The pink hard hart and high heels that Irene Wischer donned as CEO of Panhandle Resources back in the 1970s would still stand out on a rig today.
But you need not look further than Hart Energy's 2024 list of Influential Women in Energy to find role models of women succeeding in oil and gas business boardrooms, C-suites, leases and laboratories.
Indeed, women filled slightly more than half of the energy jobs added in 2022—50.3% for a total of 149,732 positions, according to the U.S. Energy and Employment 2023 report. That’s a 7.8% increase from the previous year.
And women led job growth in the electric power generation (EPG) sector, accounting for 65% of the gains in 2022. The clean EPG workforce grew by 3.6%, which was 16% faster than overall domestic economic growth.

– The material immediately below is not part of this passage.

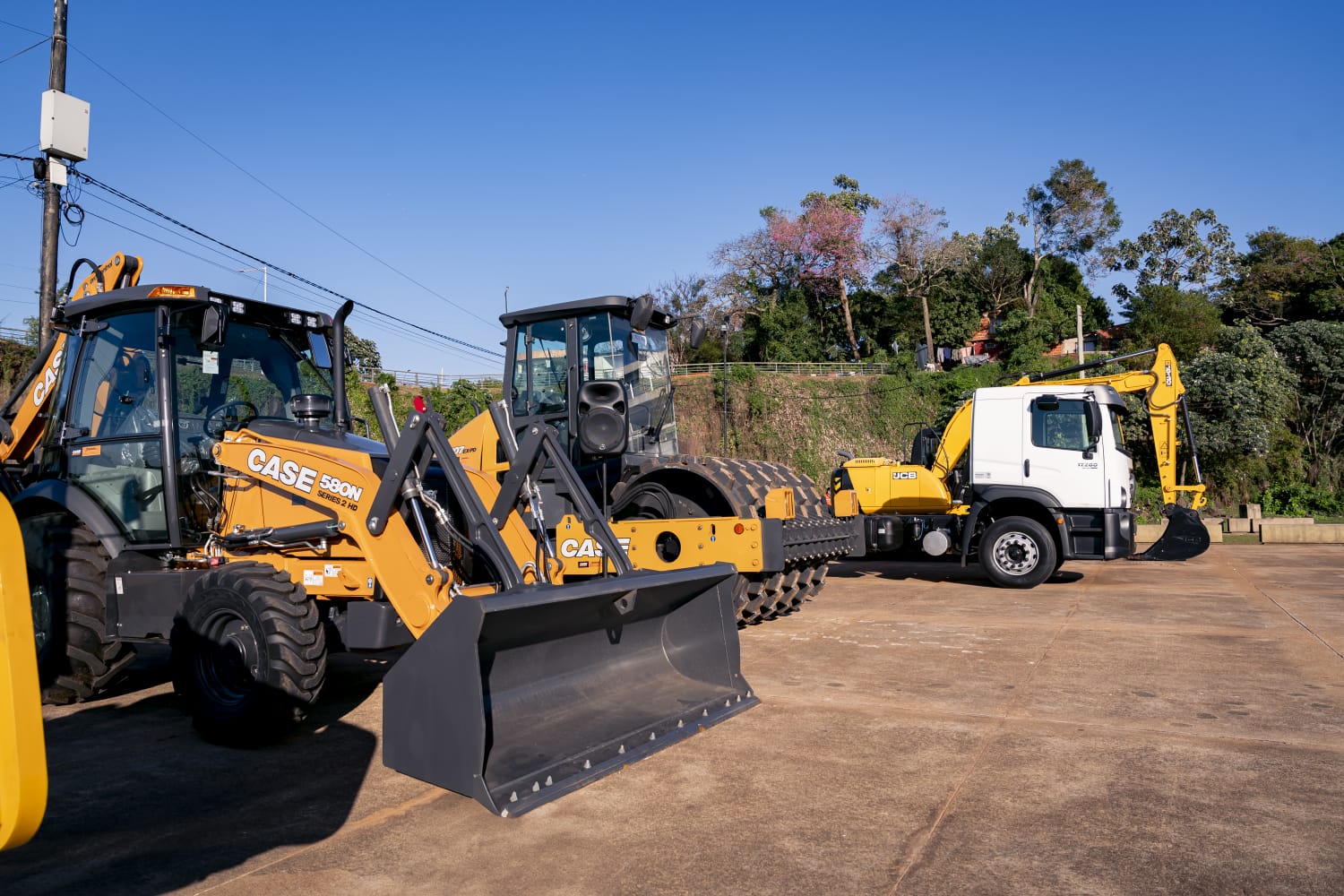 Passalacqua entregó maquinaria vial a ocho municipios para impulsar el desarrollo productivo y urbano 17 Passalacqua entregó maquinaria vial a ocho municipios para impulsar el desarrollo productivo y urbano imagen-16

Nevertheless, the hard work isn’t done. A woman executive with whom I occasionally split a bottle of wine told me last week that she’s looking for a new job. Despite a promotion three years ago to lead personnel at an offshore drilling firm, she still brings home almost $30,000 less each year than the man she replaced when he was fired.

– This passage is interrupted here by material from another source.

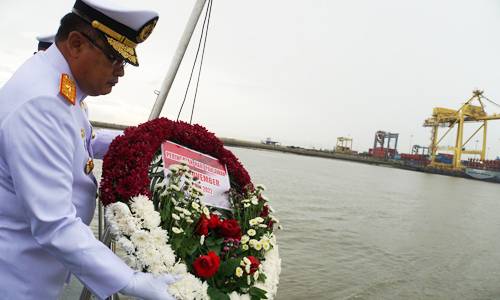 Danlantamal I Belawan Pimpin Doa Bersama dan Tabur Bunga di Laut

She’s now doing what any smart professional would do in that spot: she’s looking for opportunities elsewhere—and that includes outside of oil and gas. When she inevitably lands a job that pays her what she’s worth, it’ll be a loss for that company and the industry.
This isn’t about giving anyone an advantage based on a warm and fuzzy social and/or government diversity mandate; it’s about doing what’s right from a business—and yes, moral— perspective.
And other industries with a better perceived culture of diversity are taking note. Oil and gas skills are in demand by those outside of the sector. Some 40% of the 87% of workers surveyed who said they would consider switching jobs said they would be open to leaving the energy space, according to the 2024 Global Energy Talent Index Report (GETI). Of the workers who were headhunted in 2023, 12% said they were approached more than 16 times; 9% of engineers within this category said they were approached 21 times. Up to half of the inquiries came from outside the industry, the report said.
In 2022, the GETI report indicated 70% of all oil and gas workers were considering a departure from the industry within three years.
Oil and gas is in the risk management business, and taking risks is in the DNA of energy leaders. To accelerate much-needed innovation, the industry must “widen its talent pipeline and take risks on employees with new skills and perspective,” according to Bain & Co.’s “Creating the Workforce for an Oil and Gas Industry in Transition” report.
“Maximizing the potential of this workforce will be an all-hands effort, requiring new talent pipelines from a more demographically diverse pool of prospects,” the report said.
Some companies within oil and gas have embraced this approach in recent years, Bain said. In 2021, 70% of large oil and gas companies surveyed fully disclosed employment diversity, equity and inclusion (DEI) data in the U.S.—a dramatic increase from 4% in 2019. Slightly more than half—55%—of the overall S&P 500 was reporting the data.
But while those companies are reporting the numbers, few are doing much else, Bain reported. About 60% of the largest global oil and gas firms don’t report gender pay equity.
It’s smart to chase the best and the brightest. The oil and gas industry may be at risk of losing the race if women remain sidelined.